* _What is expected_:
From the line containing "Rafraîchisseur Pour Bouteille" through the last line of the entries below, print each line exactly. Pictures stay out.

Material to process Block Start

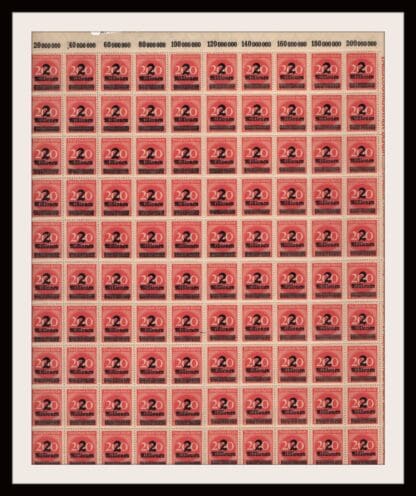 Germany Scott # 269 Mint Never Hinged Sheet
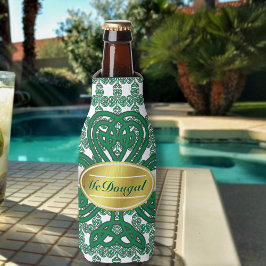 Rafraîchisseur Pour Bouteille Scroll Shamrock celte personnalisé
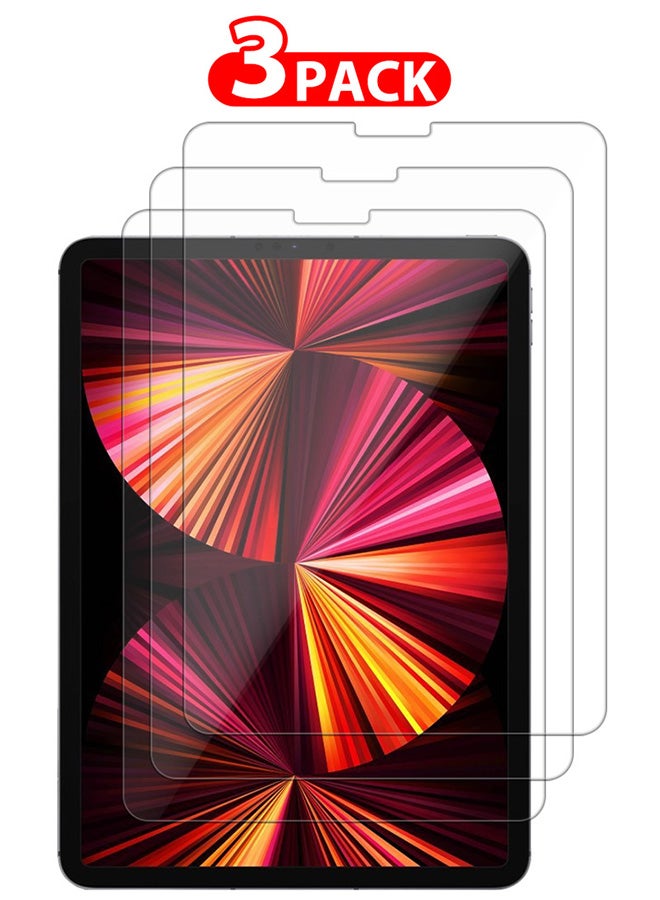CATANES 3 Packs For Apple iPad Pro 11 2021 Screen Protector 9H Hardness Tempered Glass Scratch Resistant HD Display Screen Protector - Image 1
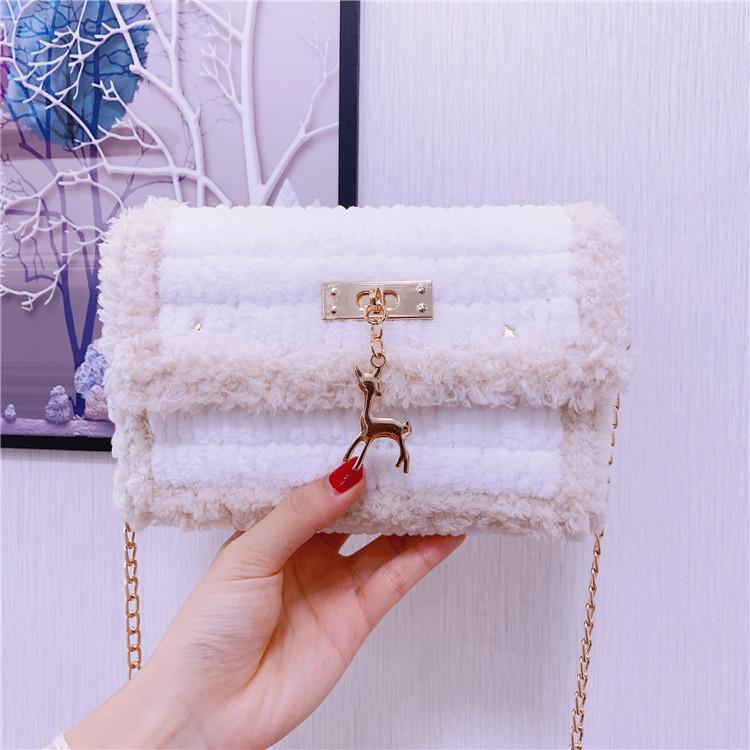 Handwoven Bag Diy Ice Grid Mesh Yarn Material Kit For Women Style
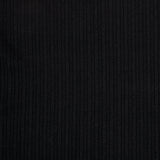 Theory Italian Black Striped Stretch Virgin Wool Woven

Material to process Block End

* _Solution to the exercise_:
 Rafraîchisseur Pour Bouteille Scroll Shamrock celte personnalisé
CATANES 3 Packs For Apple iPad Pro 11 2021 Screen Protector 9H Hardness Tempered Glass Scratch Resistant HD Display Screen Protector - Image 1
 Handwoven Bag Diy Ice Grid Mesh Yarn Material Kit For Women Style
 Theory Italian Black Striped Stretch Virgin Wool Woven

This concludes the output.